What you need to do —
Transcribe only the lines of the listing below from the one holding "womenembroidered regular chanderi" through the one holding "FAST-PD140-BLK-EU FAST GAN", inclusive, without any change.

Given data —
···

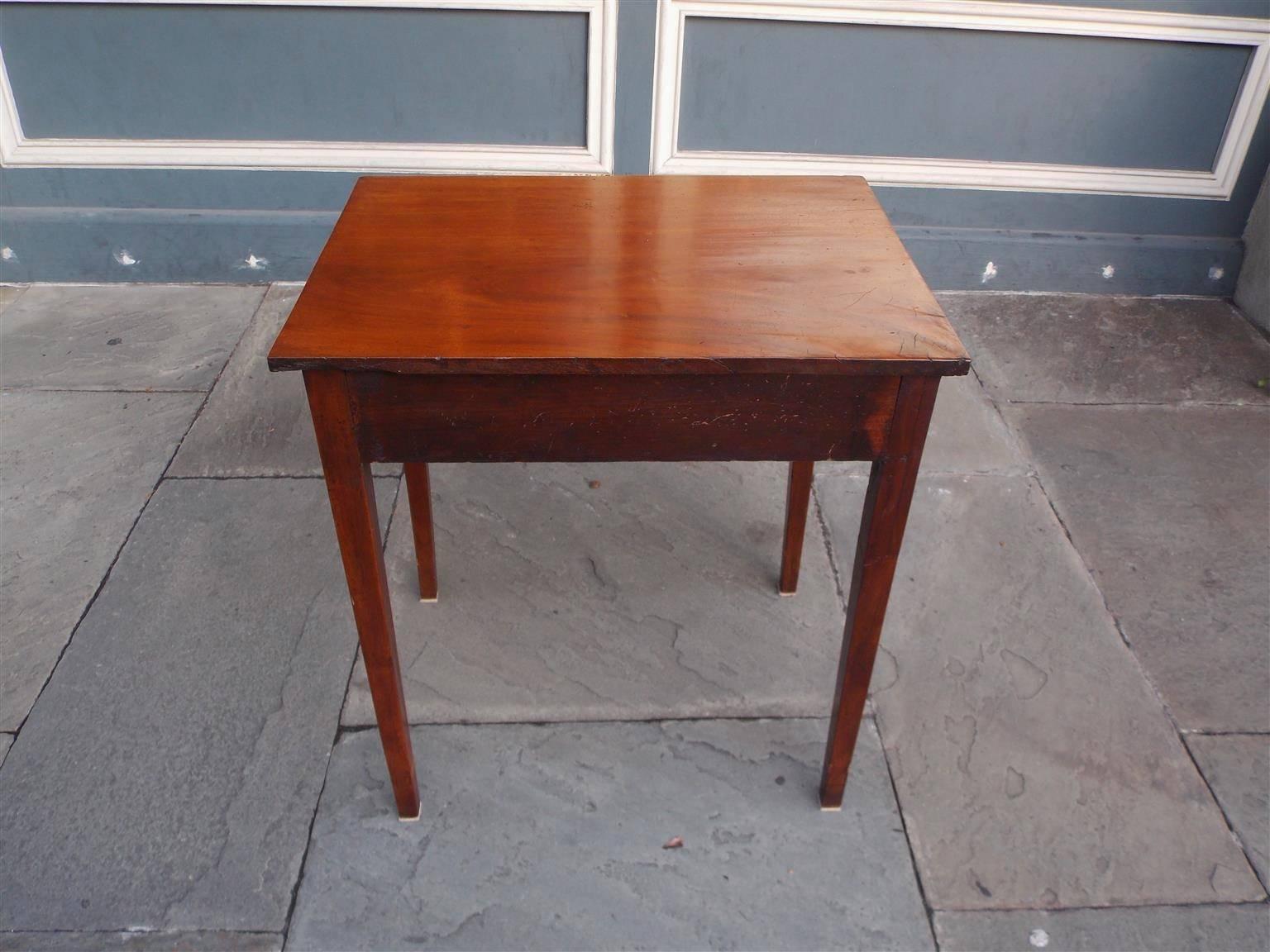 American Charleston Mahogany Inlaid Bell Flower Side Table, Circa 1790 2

···

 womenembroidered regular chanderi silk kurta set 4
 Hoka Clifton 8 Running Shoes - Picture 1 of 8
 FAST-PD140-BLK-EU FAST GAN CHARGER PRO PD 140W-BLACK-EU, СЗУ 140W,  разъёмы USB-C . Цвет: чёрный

···

Response —
 womenembroidered regular chanderi silk kurta set 4
 Hoka Clifton 8 Running Shoes - Picture 1 of 8
 FAST-PD140-BLK-EU FAST GAN CHARGER PRO PD 140W-BLACK-EU, СЗУ 140W,  разъёмы USB-C . Цвет: чёрный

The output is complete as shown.